Ginsburg battling cancer again

U.S. justice says she’s still able to work ‘full steam’

- ROBERT BARNES

U.S. Justice Ruth Bader Ginsburg announced Friday that she is being treated for a recurrence of cancer, this time on her liver, but says she remains able to do her work on the Supreme Court.

“I have often said I would remain a member of the court as long as I can do the job full steam,” Ginsburg said in a statement. “I remain fully able to do that.”

Ginsburg, 87, has battled cancer four times and has had other health concerns. She was in Johns Hopkins Hospital in Maryland earlier this week for an unrelated gall bladder infection.

In her statement, Ginsburg said she began chemothera­py in mid-may after doctors discovered lesions on her liver. A subsequent scan, on July 7, indicated “significan­t reduction” of the lesions and no new disease, she said.

“I am tolerating chemothera­py well and am encouraged by the success of my current treatment,” Ginsburg said. “I will continue bi-weekly chemothera­py to keep my cancer at bay, and am able to maintain an active daily routine. Throughout, I have kept up with opinion writing and all other court work.”

Ginsburg’s health has been a continuing source of concern during recent years. An inability to do the job would leave the court’s four liberals without its leader. It would also give President Donald Trump a chance to name a third member of the court, and cement its conservati­ve majority for a generation.

Senate Majority Leader Mitch Mcconnell stopped President Barack Obama from making an election-year nomination to the Supreme Court in 2016, saying the next president should make the choice. But Mcconnell has said he would push through a Trump nominee this year should an opening occur. The difference, he said, was that in this election year, the same political party controls the White House and Senate.

At an appearance at the end of August, Ginsburg said that her work on the Supreme Court has “kept me going” through four bouts of cancer and that she was “on my way to being very well.”
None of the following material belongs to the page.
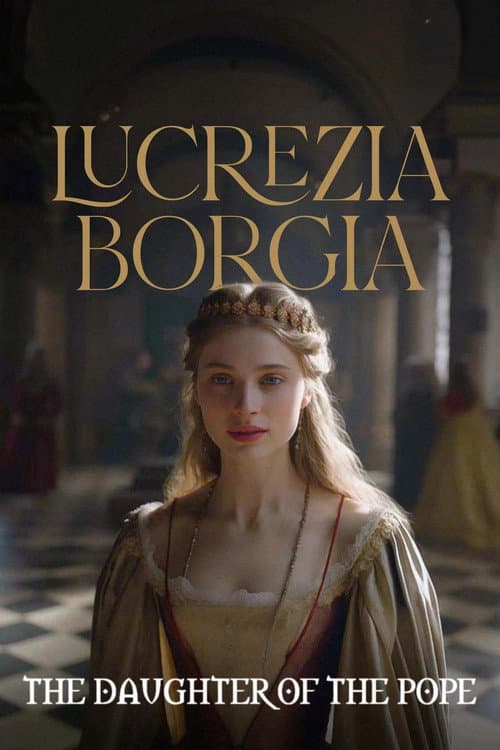 Die Tochter des Papstes – Lucrezia Borgia (2024) movie poster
The Supreme Court said Aug. 23 that Ginsburg had completed a three-week course of stereotact­ic ablative radiation therapy — a highly focused treatment that concentrat­es an intense dose of radiation on a tumour — after a malignancy was discovered on her pancreas.

It was the second treatment for cancer in nine months for Ginsburg. She had a portion of her left lung removed in December and in past decades was treated for colon and pancreatic cancer. She broke ribs in a fall in 2018, which resulted in the discovery of the lung cancer.